WHAT YOU WILL DO:
Every line from the one containing "속도 빠른 게이밍 사무용 컴퓨터--0" through the end of the listing below goes in the output, exactly and without pictures.

DATASET CONTENT:
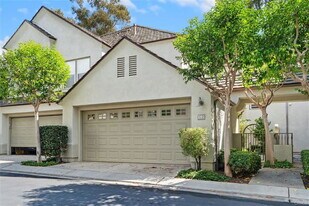 52 Brigmore Aisle in Irvine, CA - Building Photo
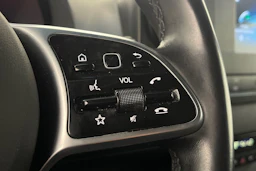 valkoinen Mercedes-Benz Sprinter 2024 kuva 26.
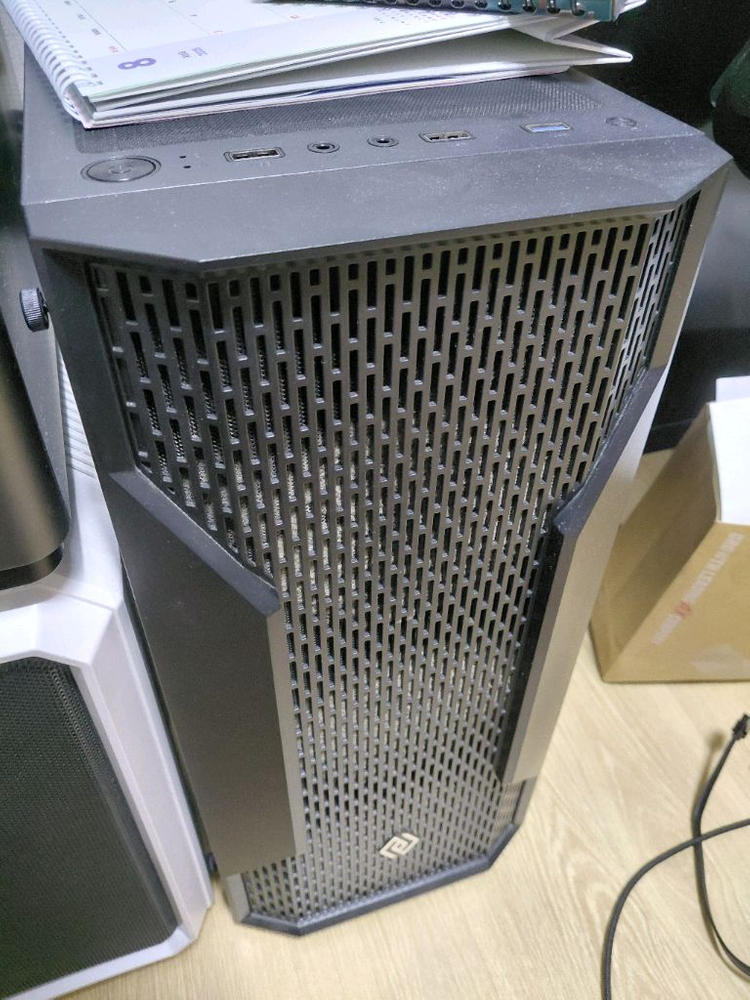 속도 빠른 게이밍 사무용 컴퓨터--0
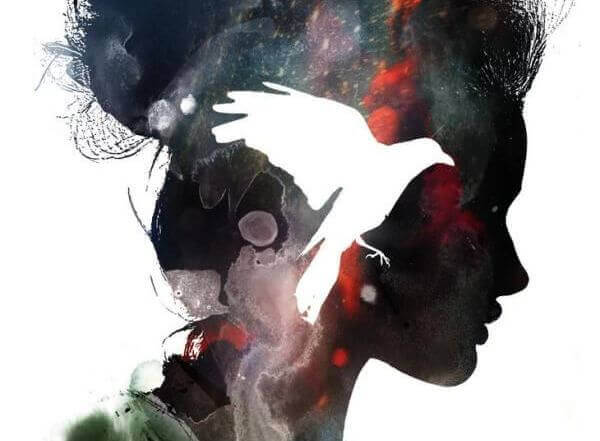 femme avec un oiseau dans la tete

COMPLETED TASK:
 속도 빠른 게이밍 사무용 컴퓨터--0
 femme avec un oiseau dans la tete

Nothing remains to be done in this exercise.